1  PLOT
   Analyzer Command

   Generates performance or coverage histograms. A number of
   different kinds of data can be plotted along the horizontal axis
   and a variety of data domains can be partitioned into buckets
   along the vertical axis to form the histogram.

   Format

     PLOT  [nodespec [,nodespec...]]
 

2  Parameters
 

nodespec

   Specifies a program location. Node specifications (nodespecs)
   on PLOT and TABULATE commands define how the vertical axis of a
   histogram or table is partitioned into buckets. For example, the
   node specification PROGRAM_ADDRESS BY ROUTINE selects the program
   address domain, the domain of all possible program addresses.
   From this domain, it selects the address ranges of the routines
   in the program. Each of these address ranges defines a bucket.

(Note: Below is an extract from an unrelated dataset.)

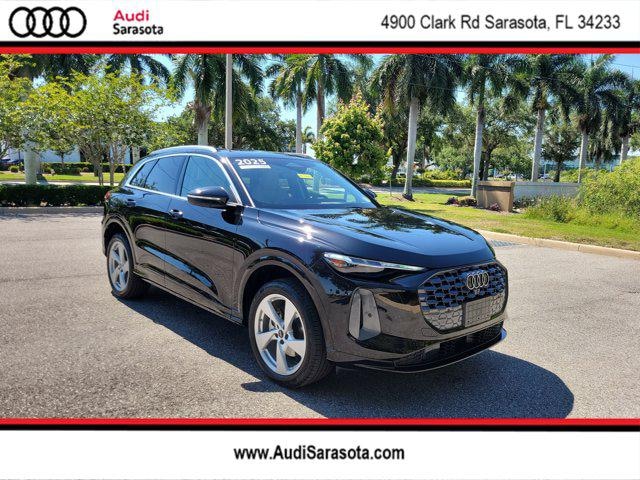 2025 Audi Q5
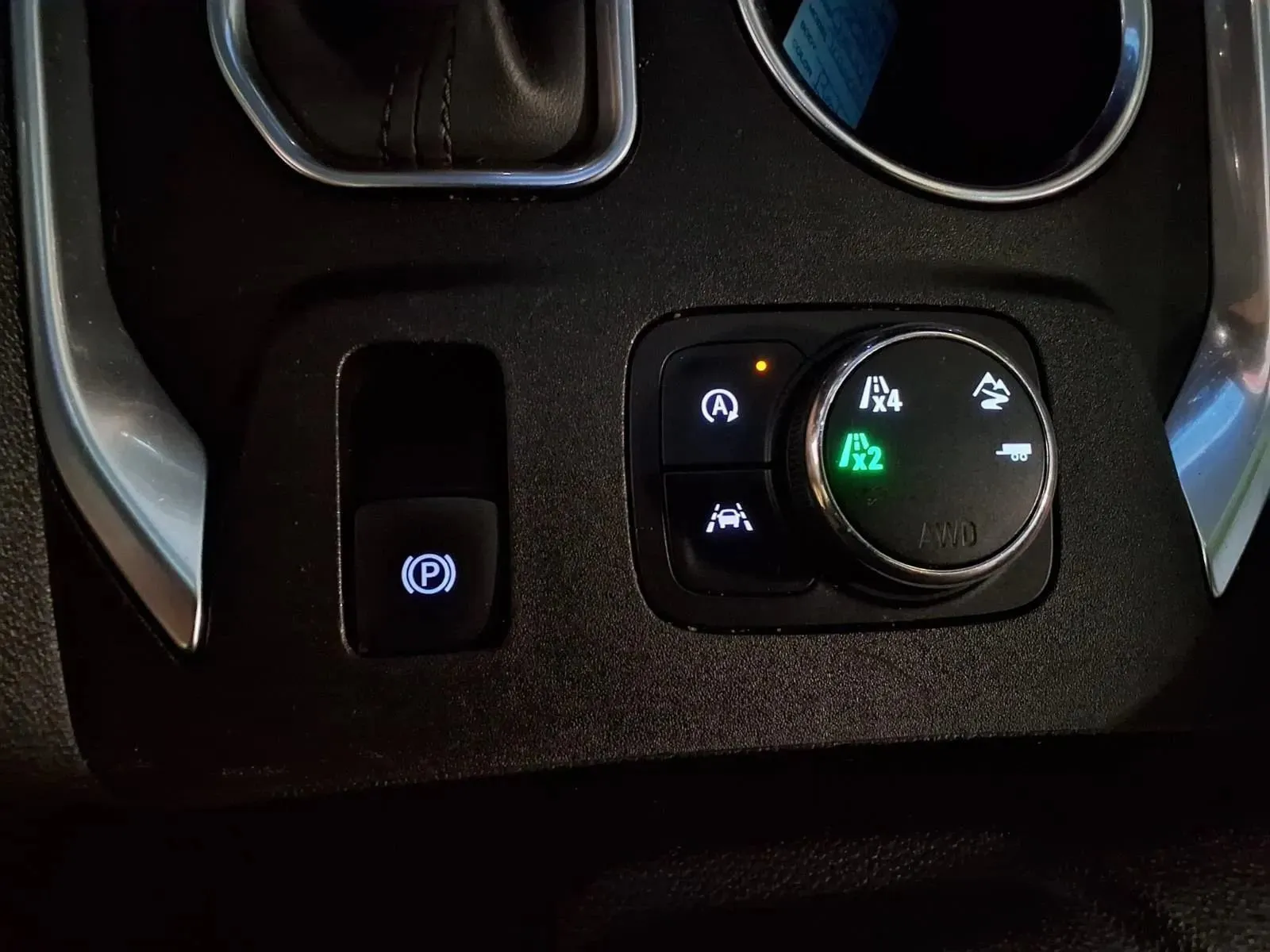 Chevrolet Traverse photo 24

   See HELP Nodespecs for information about node specifications.
 

2  Description
   The PLOT command generates performance or coverage histograms.
   When you enter a PLOT command, you must specify two things: the
   kinds of data to tally, and how to partition the histogram. These
   two things define the meanings of the horizontal and vertical
   axes of the histogram. What kind of data to tally is specified
   with a data-kind qualifier (see qualifier list).

   Each histogram is partitioned into buckets representing value
   ranges. Each data point in the data file is tallied in the bucket
   whose value range includes the value of the data point.

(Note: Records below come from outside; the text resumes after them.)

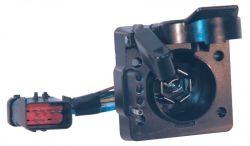 ADAPTER 7 WAY OEM ROUND TO 4 FLAT & 7 BLADE MULTI-TOW DODGE - 574-2145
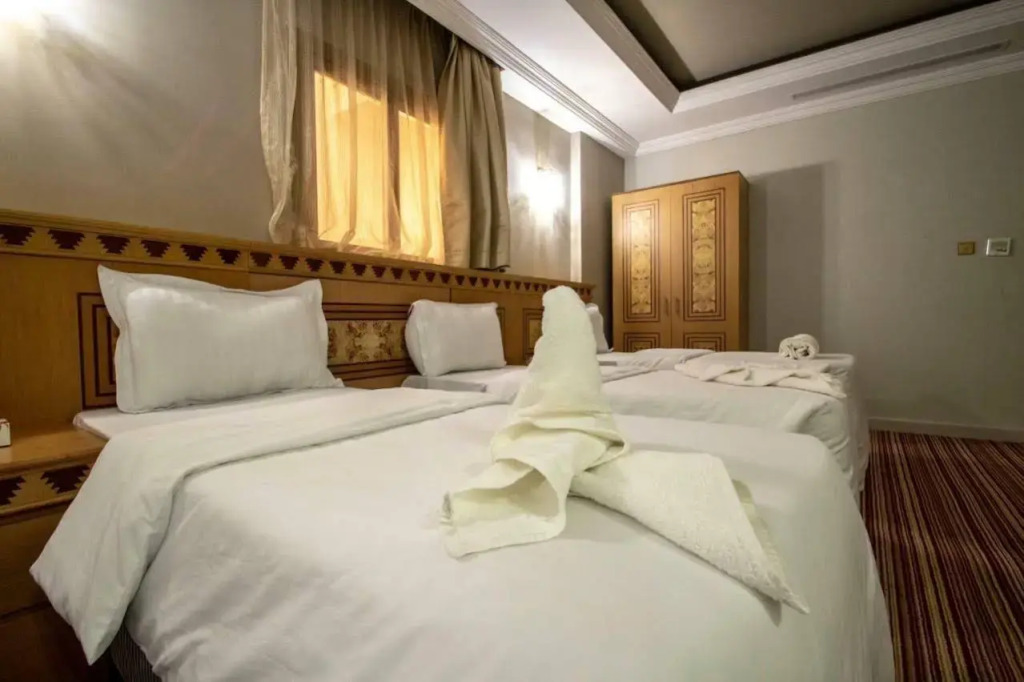 Rohaff Makaah Aparthotel
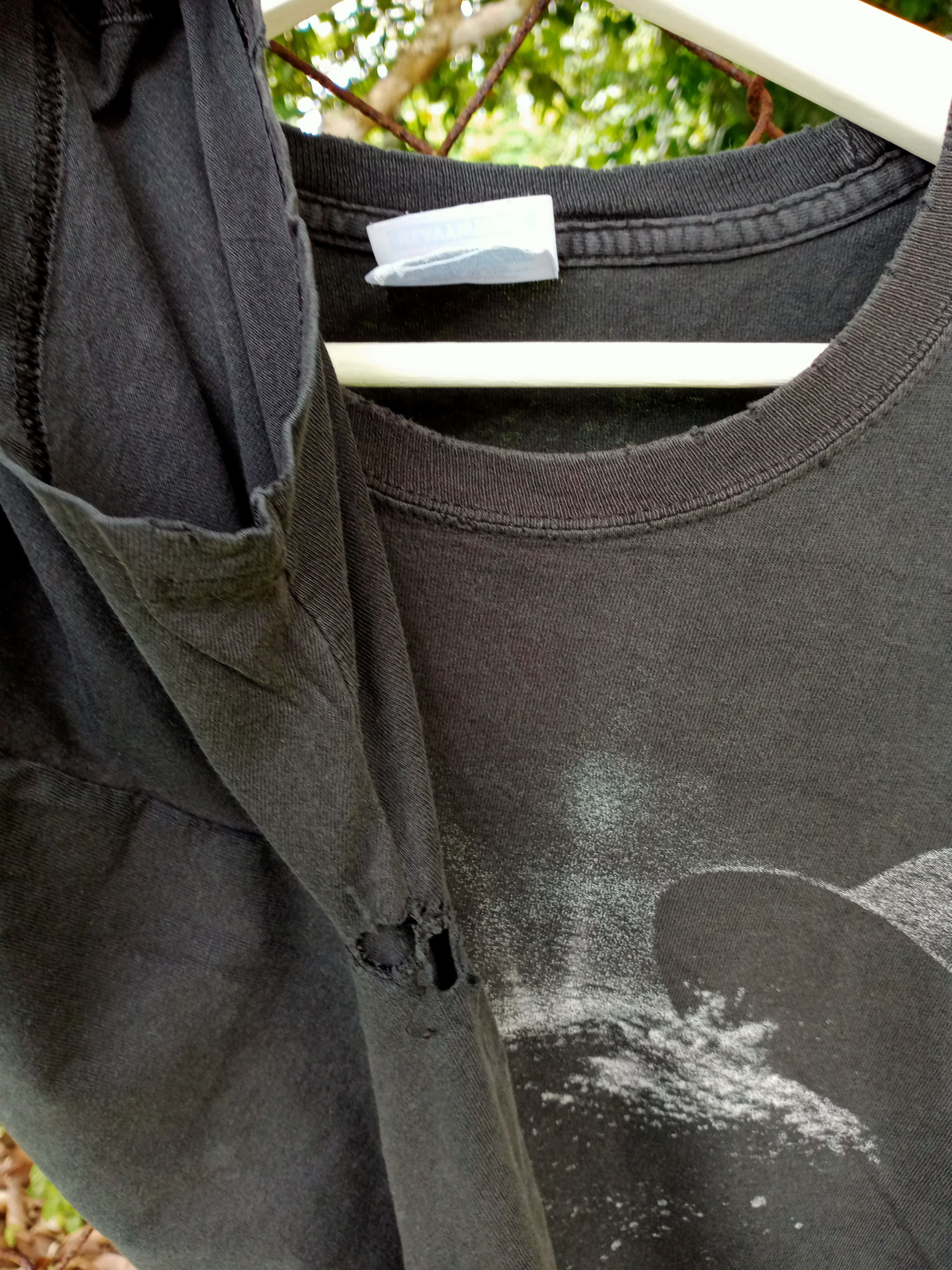 Band Tees × Michael Jackson × Vintage Vintage Micheal Jackson Tee T Shirt Size US L / EU 52-54 / 3 - 5 Thumbnail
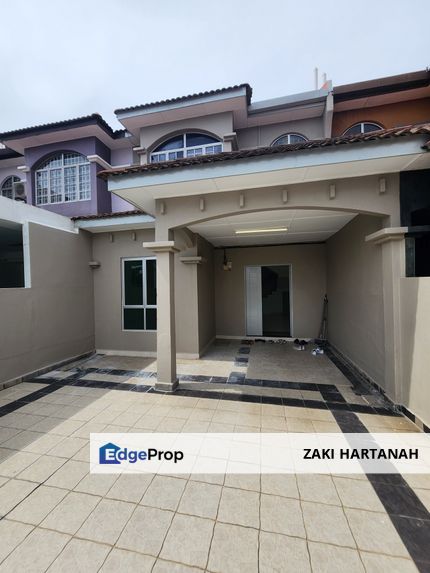 Renovated double storey @ Bandar Puteri Klang for sale, Selangor, Klang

   Every PLOT command requires one qualifier from the data kind and
   the sorting categories to generate a histogram. If you do not
   specify one qualifier from each category, a default qualifier is
   used. If your PLOT command has one or more node specifications,
   the qualifier defaults are taken from the SET PLOT defaults.
   If your PLOT command does not have a node specification, all
   qualifier and node specification defaults are taken from the
   previous PLOT or TABULATE command you entered.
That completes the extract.